An average person consumes approximately 34 gigabytes of digital information everyday. That’s equivalent to around 100,000 words (or a whole book), according to the Global Information Industry Center at the University of California, San Diego.

As neuroscience research indicates, learning to read created a new circuit in the human brain more than 6,000 years ago. That circuit evolved from a very simple mechanism of decoding information (e.g. establishing the number of animals in a field), to the present ‘reading brain’. 

Human babies are born with a natural capacity to learn to walk and talk, but not with a natural understanding of written language, explains neuroscientist Maryanne Wolf. You don't learn to read once, and maintain the ability unchanged over a lifetime. Keeping the reading circuits in your brain working well requires regular exercise. Use it or lose it - this is true of reading as well as muscle tone.

Most people are reading more than ever before, but the problem is, the way that people are reading has also changed. Skim reading has become the new normal. 

We live in a world of digital information overload, constantly surrounded by screens feeding the brain with information, which it cannot properly process. People may be reading a novel’s worth of words during a day, but many no longer pick up an actual book because they feel too consumed by digital texts. 

Neuroscientists say that lack of what they define as “deep thought” - which is often achieved when reading a physical book, is changing our brains.

Unlike reading in a book, or even a magazine or newspaper, reading on a screen often involves consuming short snippets of information in quick succession, usually by skimming over words, or clicking from one page to another. When the brain skims texts, there is no time to grasp complexity, think ‘deeply’ about the information or gauge proper perspective on a particular point of view. 

Some neuroscientists say skimming has become the new normal way of reading, something humans have adapted to as a way of dealing with the enormous volumes of information we are presented with every day.
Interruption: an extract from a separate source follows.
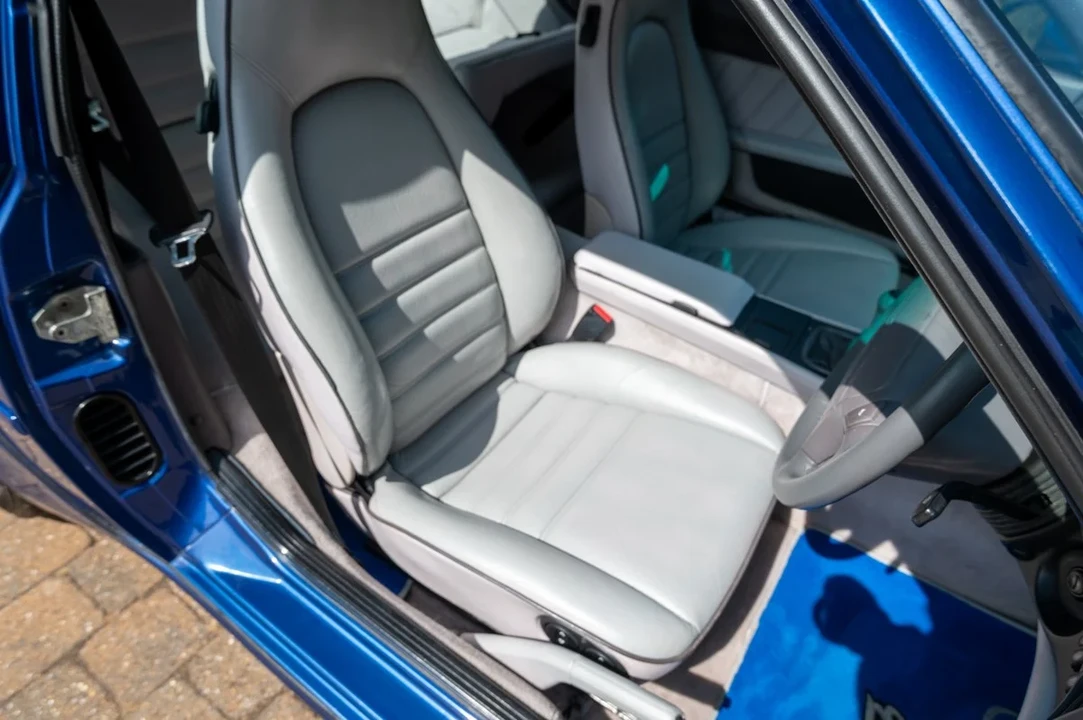 1993 Porsche 968 - Image 30 of 30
As a result, our reading brain is becoming wired more for speed and less for processes like comprehension, understanding and committing information to our long-term memories.With a lack of focused attention or “deep thought” when reading, it is making it increasingly difficult for the brain to perform deep, critical, comprehensive thinking. 

In a research study on brain image recognition, led by Michigan State University professor Natalie Phillips, they found that the brain was less active when someone was engaged in ‘casual’ or ‘skim’ reading, as opposed to attentive or deep reading. While concentration during reading engages our ability to think critically and reflectively, by consuming more and more words by skimming and without paying proper attention, nothing can be properly processed by the brain. 
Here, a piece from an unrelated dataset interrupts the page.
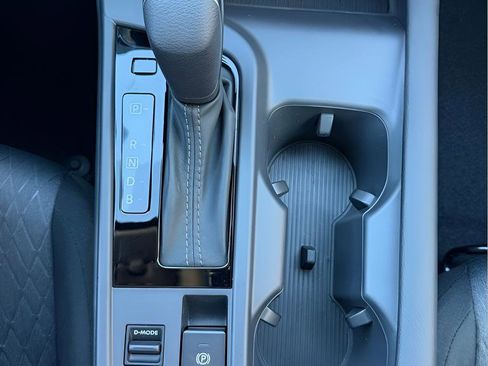 New 2026 Nissan Sentra SV w/ SV Convenience Package FWD image 17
Most screens, e-readers, smartphones and tablets interfere with intuitive navigation of a text - essentially they encourage skimming or rushed reading. Someone reading a digital text might scroll through a seamless stream of words, tap forward one page at a time or use the search function to immediately locate a specific word or phrase - this usually takes everything out of context.
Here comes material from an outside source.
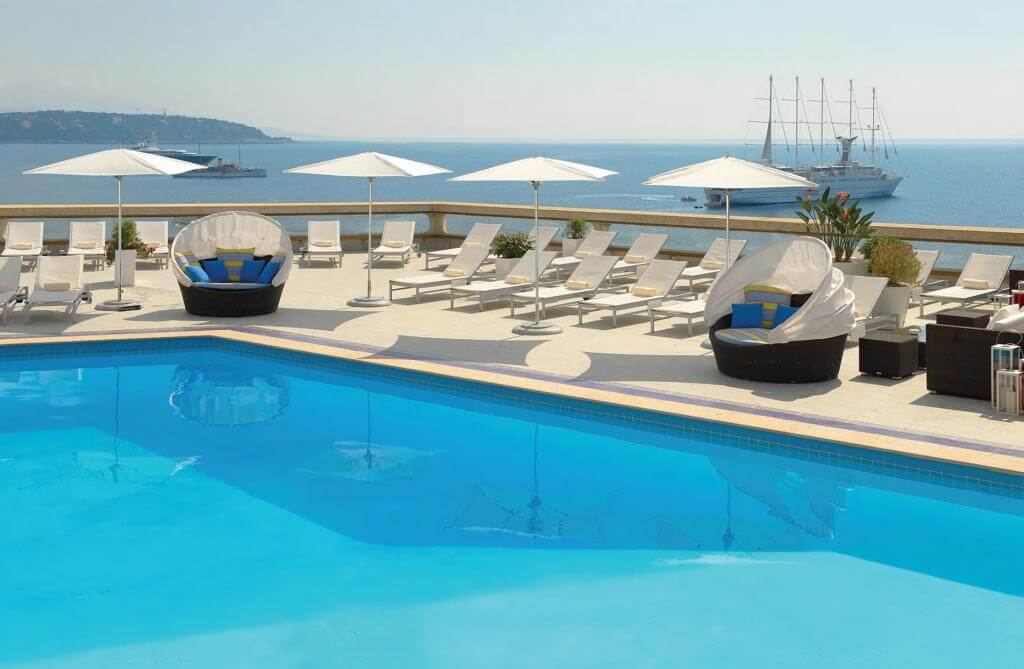 By Invitation Only, or How to Get Monaco Residency?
Seemingly,  it’s all words and no meaning when it comes to consumption of vast quantities of digital information. 

The tendency to read a screen more superficially than a book has been demonstrated in a study by information science expert Ziming Liu, who investigated eye movement during digital reading.

His research showed that when people consume words on a screen, they tend to read diagonally or vertically to help quickly locate words in a bid to get a general ‘gist’ of the text. If the reader already has an idea of the context of the subject, the words may not actually be read. 

Our functional memory is being affected by this kind of information consumption: the average capacity of the functional memory of people reading on screens is increasingly reduced.